When Daehoon Jho hears American officials, from President Obama on down, say that the education system in the United States ought to be more like South Korea’s, it’s a bit of a head scratcher.
Mr. Obama and American leaders often hold up South Korea’s near-universal college-attainment rate as something for the United States to emulate. But Koreans like Mr. Jho, a professor of education at Sungshin Women’s University, in Seoul, aren’t so sure. They say that increased enrollment has devalued the college degree, and, as recent graduates struggle to find work, Mr. Jho and others worry about the social costs of so many under- or unemployed young people.
Rather than equalizing opportunity, sending nearly everyone to college has led to a system that is both stratified and bloated, many Koreans say, with too many institutions of uneven quality. In fact, the government is actually trying to shutter universities and bring college-going down.
“As a Korean parent, I have a different perspective,” says Mr. Jho, a father of three who is now a Fulbright scholar at the University of Oregon. “I really prefer education in the U.S.” So, too, does his 10-year-old son, who has already asked if he can stay on at his American elementary school after Mr. Jho wraps up his visiting appointment this summer.
To Americans, though, South Korea’s rapid expansion in college attendance offers hope that such a transformation is possible.
After World War II, when the country gained independence from Japan, barely 7,800 Koreans went to college. More than 85 percent of residents had no formal schooling at all.
But by 1957, South Korea had achieved universal elementary-school enrollment, defined by the World Bank as the attendance of 90 percent or more of the school-age population. It reached universal high-school enrollment in 1999. A year later, it hit the same mark for higher education.
The growth in college-going was not part of some centralized government plan, says Jung Cheol Shin, a professor at Seoul National University who studies educational trends in East Asia. But faced with large numbers of high-school graduates, the Korean government lifted university-admissions quotas, first in the 1980s and then again in the ’90s. It also approved the opening of private colleges, which today enroll about 80 percent of Korean students.
For Korean families, greater access to higher education dovetailed with deep cultural beliefs in the value of learning, says James F. Larson, vice president for academic affairs at the State University of New York’s campus in the Korean city of Incheon. “Korea,” says Mr. Larson, who has worked in the country for much of the past three decades, is “more Confucian than China.”
Many observers, though, worry that quantity has come at the expense of quality.
Seongho Lee, a professor of education at Chung-Ang University, criticizes what he calls “college education inflation.” Not all students are suited for college, he says, and across institutions, their experience can be inconsistent. “It’s not higher education anymore,” he says. “It’s just an extension of high school.” And subpar institutions leave graduates ill prepared for the job market.
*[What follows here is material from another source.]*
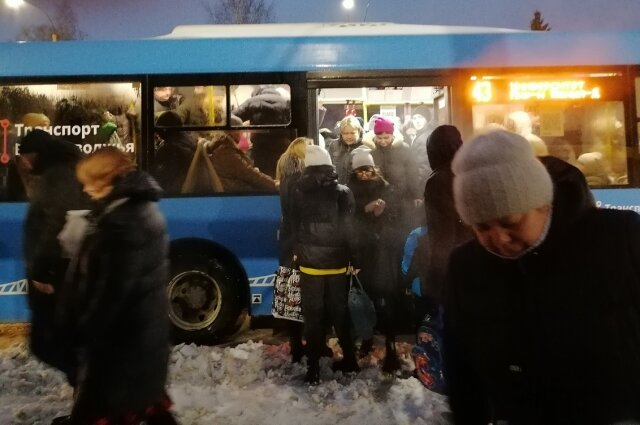    Фото: Из архива/ Светлана Коннова, News69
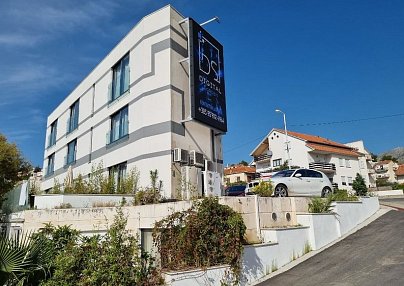San Antonio Podstrana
A 2013 study by McKinsey Global Institute, the economic-research arm of the international consulting firm, found that lifetime earnings for graduates of Korean private colleges were less than for workers with just a high-school diploma. In recent years, the unemployment rate for new graduates has topped 30 percent.
The oversupply in college education is a very serious social problem.
“The oversupply in college education is a very serious social problem,” says Mr. Lee, even though Korea, with one of the world’s lowest fertility rates, has a declining college-age population. The country, he worries, is at risk of creating an “army of the unemployed.”
Because a degree itself isn’t valuable currency, competition has heated up for admission to the handful of elite universities, most of which in Korea are public. Mr. Jho, the Fulbright scholar, says the scramble for limited places can begin in elementary school. Parents who have the money to give their children an edge spend as much as a sixth of their income on hagwon, or private cram schools. Those who cannot afford extra tutoring are at a disadvantage. “It’s a stratified system,” says Mr. Jho. “It’s a system that is privileged for the middle and upper class.”
The Korean government has sought to rein in the hagwon, mandating that they close by 10 p.m. It has also undertaken a tough review of its universities, both public and private, with the idea of closing poor-performing institutions and ending academic programs with weak job prospects. And political leaders have suggested what might seem unthinkable in the United States — that maybe some of its citizens would be better off if they didn’t go to college.
Nor is South Korea alone in reconsidering whether a large proportion of its population ought to earn degrees. In Singapore the government has been encouraging people to earn credentials that meet work-force demands, rather than pursue full degrees, says Lily Kong, provost of Singapore Management University.
“The message,” says Ms. Kong, “is that it’s really about learning for life, not rushing into getting a degree.”